Contact Model of Revolute Joint with Clearance Based on Fractal Theory

The contact stiffness of a mechanical bonding surface is an important parameter in determining the normal and radial contact force. To improve the calculation accuracy of the contact force model, the surface roughness of the bonding surface and the energy loss that necessarily occurs during the impact process should be considered comprehensively. To study the normal contact force of a revolute joint with clearance more accurately in the case of dry friction, a nonlinear stiffness coefficient model considering the surface roughness was established based on fractal theory, which considers the elastic, elastic-plastic, and plastic deformations of the asperities of the contact surface during the contact process.
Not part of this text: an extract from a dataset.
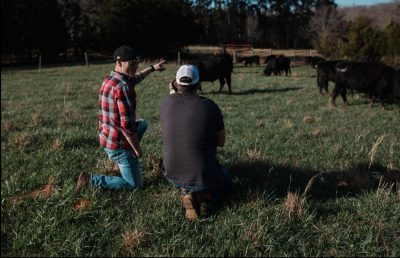 Jonathan Willis talks to farmer | how to start a food business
On this basis, a modified nonlinear spring damping model was established based on the Lankarani-Nikravesh contact force model. The laws influencing the surface roughness, recovery coefficient, initial velocity, and clearance size on the impact force were revealed, and were compared with the Lankarani-Nikravesh model and a hybrid model using MATLAB. The maximum impact force was obtained using a modified contact force model under different initial velocities, different clearances, and different degrees of surface roughness, and the calculated results were then compared with the experiment results. This study indicates that the modified model can be used more widely than other models, and is suitable for both large and small clearances. In particular, the modified model is more accurate when calculating the contact force of a revolute joint with a small clearance.